Claro que hay mucho por mejorar. Con 12 establecimientos que producen vino y seis más donde hay vides, pero en los que no se vinifica, Tucumán está muy lejos del vecino más importante: Salta. Y los productores se preguntan: ¿se podrá imitar lo que se viene haciendo en Jujuy, que muestra un crecimiento exponencial en relativamente poco tiempo y que ya se perfila como un lugar del que se va a hablar mucho en el futuro cercano? Sin dudas, es un ejemplo estimulante, por las características que comparte con Tucumán.
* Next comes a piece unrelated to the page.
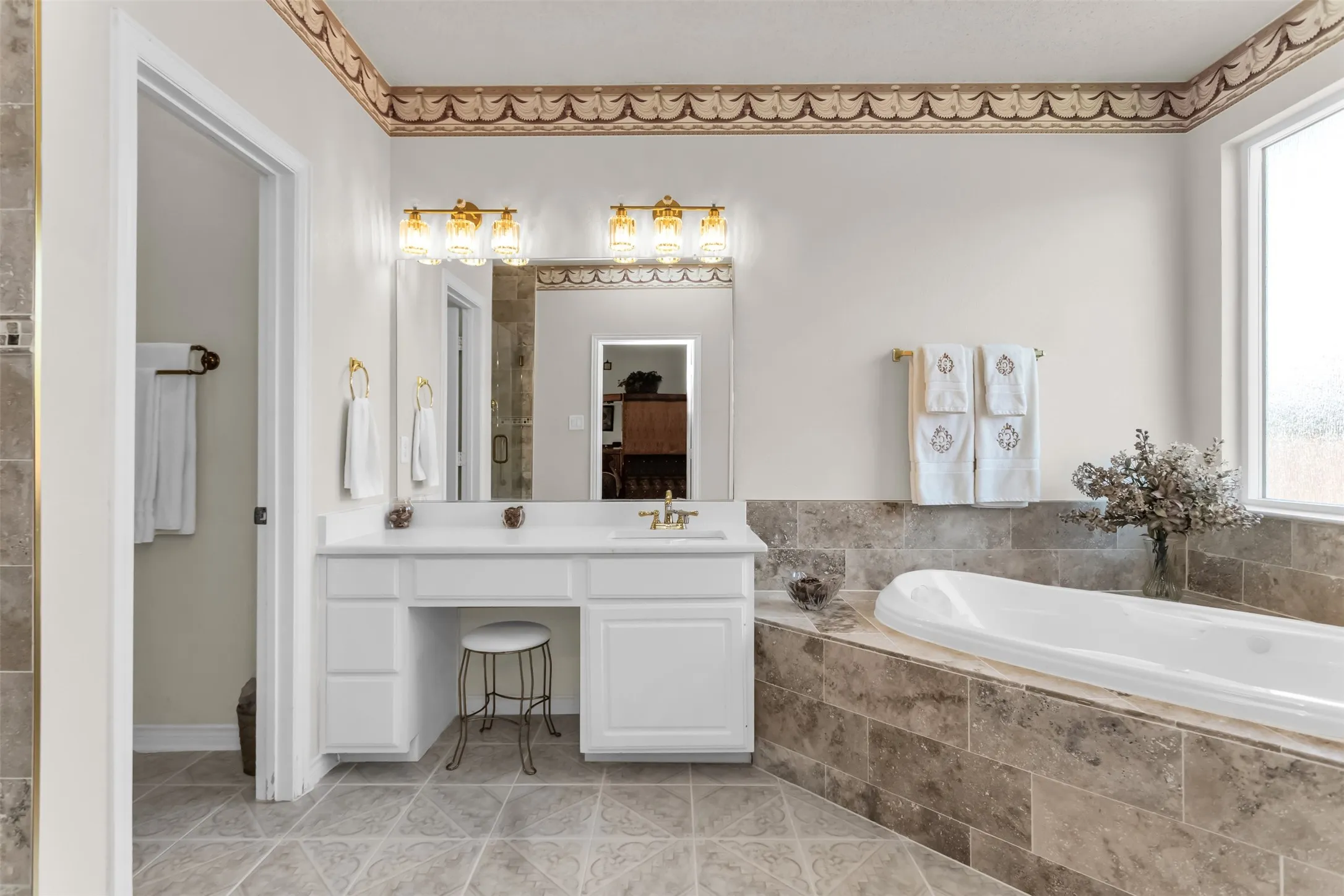 Whirlpool Tub & Ceramic Tile Floors.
Pero para lograrlo no alcanza con la iniciativa privada. Hay un detalle que es clave: si ese es el objetivo, el Gobierno no debe hacerse el desentendido.
Volver a la esencia
Hoy parece que todos estamos atribulados -o espantados, por qué no- frente a los cambios que promueve y promete la Inteligencia Artificial. Por algo se ha convertido en un tema de conversación habitual en muchos asados, sobremesas, charlas de oficina y de café. Hay quienes pronostican que las transformaciones que vamos a ver en los próximos cinco años equivalen a las que ocurrieron en los últimos 5.000. Como sea, lo único concreto es la certeza de que todo va a cambiar y no una vez, sino infinitas veces, como en un loop interminable.
Aquí es donde el vino puede operar como un mojón frente al vértigo. Porque, tal como afirma Silvia Gramajo, productora tucumana y directiva de la cámara que nuclea a los viticultores vernáculos, quien se detiene a observar el trabajo en las viñas de algún modo se vuelve testigo del ciclo de la vida. Por ejemplo, por estos días atravesamos el momento de la poda, que es clave para definir lo que hallaremos dentro de la botella muchos meses e inclusive años más adelante. Luego, cuando la temperatura empiece a aumentar se producirá el lloro, que es la liberación de savia a través de los cortes de aquella poda invernal. Es el signo de vitalidad que marca el inicio del período vegetativo. Luego, en verano, llegará la vendimia, repleta de decisiones capitales. Y tras ella empezará la vinificación, es decir, la alquimia de convertir las uvas en vino. En otras palabras, en cultura. Porque cada vino es la suma de conocimientos, tradiciones, costumbres, investigaciones, estudios, ensayos, decisiones y omisiones que se transmiten y se materializan en algo que establece lazos, que nos congrega y que nos ayuda a reconstruir vínculos. Quizás por eso no hace falta haber estudiado sommellerie o enología para detectar en una copa perfumes o sabores que nos conectan con recuerdos felices y con lugares seguros a los que siempre es bueno volver. En definitiva, el vino sirve como un ancla, es un objeto cultural que nos ayuda a reconectar con la historia, con el trabajo de la tierra, con la paciencia y, sobre todo, con los demás. No lo decimos nosotros; lo dijo Borges y se volvió inapelable: “Vino, enséñame el arte de ver mi propia historia / como si ésta ya fuera ceniza en la memoria.”